ログアウト不可

「……あれ、俺はいったい何を」


 暗転していた意識が、不意に戻ってくる。

 だがそれは、本来であれば一瞬でVR空間へと潜っていける程度にフルダイブ慣れしている紅には珍しいことだった。


「おかしいな、ダイブするのにこんな手間取るなんて……」


 それに……確か昼の13時くらいにログインしたはずなのだが、時計が示した時間は既に夕方の18時。およそ5時間ほど、記憶に欠落がある。


「なんだ、今の……ってなんだこれ!?」


 はじめに気付いた違和感は、声。

 すでに変声期を終えた紅のものよりも、明らかに高いその声は……まぎれも無く、女の子のもの。


 曲線が多用された小さな身体と、長い髪に高い声。

 鏡が無いためそれ以上は分からないが……明らかに、小柄な少女のものだ。


「とりあえず、一旦ログアウトして……」


 宙に報告しよう。

 そう思って伸ばした指が、止まる。


 誇張ではなく、ひっ……と悲鳴が漏れかけた。

 本来ログアウトに使用するであろうボタンが、色を失って灰色になり、押しても反応しないからだ。




 ――ログアウト不可。




 過去、数多のゲームや小説で見受けられた設定だが、だからこそ自分の身に降りかかった際、嫌な考えが脳裏を駆け巡る。



「ちょっと、父さん! おい親父!?」


 半ばパニックに陥りかけた紅が、慌てて今回の元凶である父親を呼ぶ。


 返答は……思いの外、すぐにあった。


『大丈夫、モニターしてるよ。それにしても紅さん、ずいぶんと可愛い声だね?』

「息子が女の子の声になってて、第一声がそれかよ……」


 やけにマイペースな宙の言葉に、思わずずっこけてしまい、だがおかげで少し落ち着いた。
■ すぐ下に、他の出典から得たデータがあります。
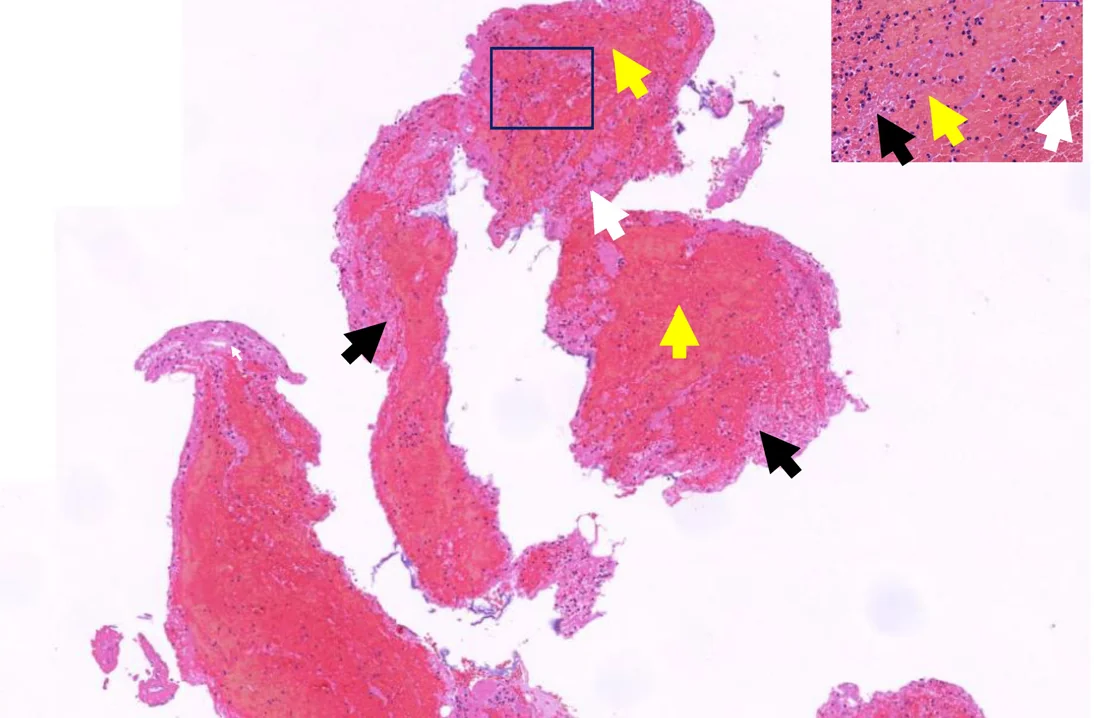 Lichtmikroskopischer Schnitt eines frischen, aus einer Koronararterie abgesaugten Thrombus in Hämatoxylin-Eosin-Färbung mit Pfeilen auf Fibrin, Erythrozyten und Leukozyten; oben rechts eine vergrößerte Ausschnittsvergrößerung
「はぁ……それより、ログアウトできないんだけど、なんとかできない?」

『すまない、それは無理なんだ』

「……は?」

『紅さん、君の身に起きていることは、全部僕から説明ができることなんだよ。だから、どうか落ち着いて聞いてほしい』


 いつになく真剣なトーンで語る宙の言葉に、ゴクリと唾を飲み込んで耳を傾ける。


『その前に……多分、紅さんの視点だと、何時間か時間が飛んだんじゃないかな?』

「あ、うん。だいたい5時間くらいかな?」

『それ、こちらが移動中だったからなんだ……紅さんの身体は今、クレイドルに収容したまま市内の大学病院内にある。そして今は、紅さんの体をクレイドルから動かすことはできないんだ』

「なっ、ん……!?」

『ああ、でも、予定の範疇のことなんだよ。僕も今病院に同行して、紅さんの容態は随時チェックしているから安心して?』


 そこで一度言葉を切った宙が、真剣な目で紅を見つめる。そのいつもと全く違う様子に、紅は思わず声を詰まらせた。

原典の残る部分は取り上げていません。